I was going to be a ballerina, a belly dancer and an astronaut. Just because they told me I could be anything if I wanted.

But that really isn't true. No, not even close. The people who succeed and achieve brilliance are, to be completely frank and unnecessarily blunt, anomalies. These are people who were in the right place, had made the right social contacts and possessed a set of adequate skills at the perfect moment in time. Perhaps they made monumental effort to get to where they made it to, but effort alone isn't going to reward you with everything you've ever wanted. In fact, it may result in nothing.

Every time I go to a shopping mall this concept is hammered home. Every time I see a table full of Twilight books at Barnes or a rack of Twilight shirts at the front of a Hot Topic I'm reminded of this. I'm not going to derail this exercise by spending more time than necessary explaining in depth my issues with Stephenie Meyer, but let me say that there are a great many truly brilliant and altogether under-read authors who are passed up by young readers in order to salivate over her latest book. If you buy into the concept of effort and good faith yielding rewards, this is a cold slap in the face by an arrogant, sparkly marble hand.

This is what frightens me. This is what causes me to second-guess myself or, even worse, to lose interest in achieving. Simply knowing that putting forth time, effort and hope could very well (and, statistically, probably) do nothing but bring my faults to the public fore is terrifying.

What if I write a novel and every agent rejects me?

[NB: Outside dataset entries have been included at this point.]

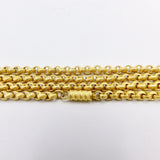 Georgian Pinchbeck Muff Chain Necklace with Original Clasp Chain Kirsten's Corner Jewelry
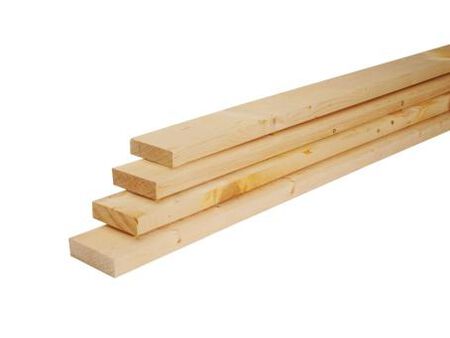 2 in. x 6 in. x 22 ft. White Wood
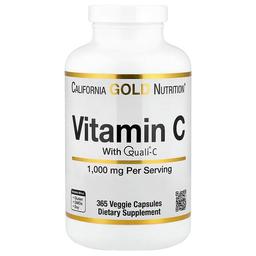 캘리포니아 골드 뉴트리션 California Gold Nutrition, 비타민C, Quali®-C, 1,000mg, 베지 캡슐 365정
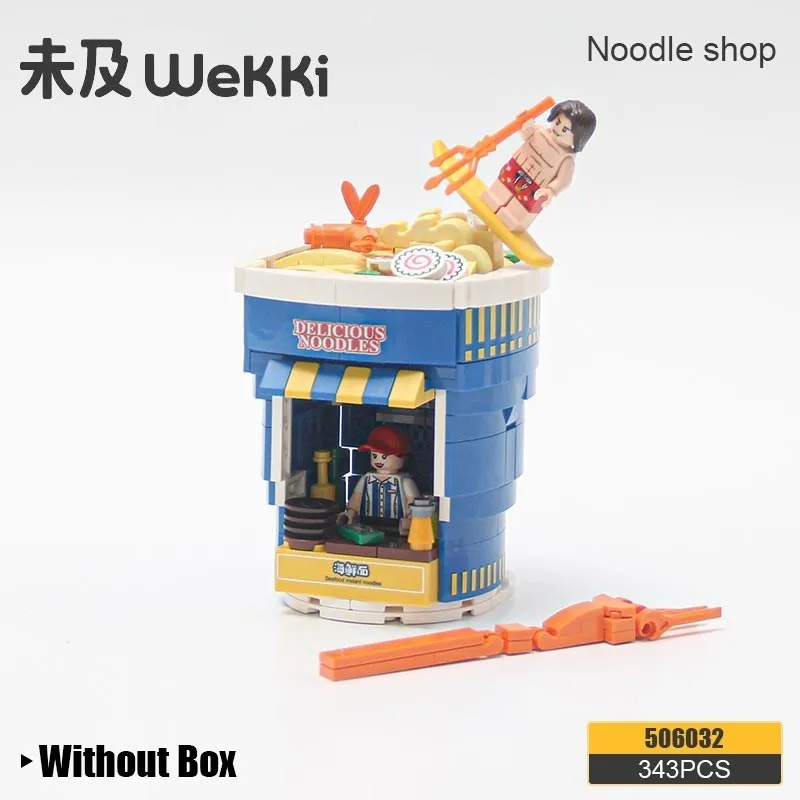 Wekki toast building block modello shop negozio di torte da latte giocattoli educativi per bambini regalo ragazza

What if every publishing house blows me off? What if I'm exposed to my peers as a fraud and a wannabe? What if people find out I really don't know what I'm doing and am usually just winging it? What if I manage to successfully navigate the world of publishing (which is really an achievement in and of itself) and then nobody reads me?

I think I would prefer an epic chorus of negative reviews to the silence of being ignored.

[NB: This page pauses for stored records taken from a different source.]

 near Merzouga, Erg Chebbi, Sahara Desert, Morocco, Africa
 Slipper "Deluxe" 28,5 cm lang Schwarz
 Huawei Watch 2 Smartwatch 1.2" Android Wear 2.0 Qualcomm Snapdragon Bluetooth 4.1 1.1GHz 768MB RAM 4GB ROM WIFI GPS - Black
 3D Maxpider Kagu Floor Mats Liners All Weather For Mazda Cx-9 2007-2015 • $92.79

I'm really getting way ahead of myself here, though, because to be either mocked or ignored you have to put yourself in front of people, and this fear is keeping me frozen behind a thick, dark curtain. Nobody knows I'm here. My friends are barely, if at all, aware of my ambition. I'm terrified and unsure if I should put myself in the vulnerable position of writer-in-public, but yet at the very same time I know what happens to me when I try to leave this urge behind me. I grow depressed. I grow fat. I lose the will to do anything but wallow in self-pity and bitterness.

I become someone who isn't me. That is much, much more frightening than being mocked for being a crappy writer.

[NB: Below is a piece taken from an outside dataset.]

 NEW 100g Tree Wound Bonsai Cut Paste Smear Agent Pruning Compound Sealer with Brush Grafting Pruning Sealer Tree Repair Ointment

How unbelievably hilarious it is that I suffer from the dual fears of stagnation and progress? It seems that no matter which path I take ( and it's obvious at this point that I've already chosen one over the other) there's going to be something waiting just out of view to frighten me. If it won't come during my waking hours it's sure to find me in my sleep. I have frequent nightmares, always with failure as the core theme. When my fish are sick I have dreams that feature closeups of tanks full of still-living, half-decomposed occupants, jaws and heads with gaping holes, gills struggling to function, fins barely mobile. This is what you've done to them, I tell myself, because you didn't take care of them when you could have. After waking I invariably do a water change or swap out filters and start testing ammonia levels, because I realize, at least for a while, that inaction is far worse than failure after effort.

There is no choice for me. I have to do what I have to do, but the end result of this doing is a horrible blank in the future. There is no guarantee, no safety net, no consolation prize. I suppose I could very well pull the adult version of the taking-my-ball-and-going-home stunt and publish my work myself, but even then I'd be subject to the same pass-fail standards of success that are prevalent everywhere else. And I'd have to deal with the added stress of trying to convince the rest of the publishing world to deal with me on terms they're not often willing to deal on.

I will soldier on, and hope for the best, because the shudder-in-my-chest fear that falls upon me when I think of being mocked and torn apart is nothing compared to the wake-up-screaming fear I feel during the nights when I have horrible dreams full of guilt for not trying.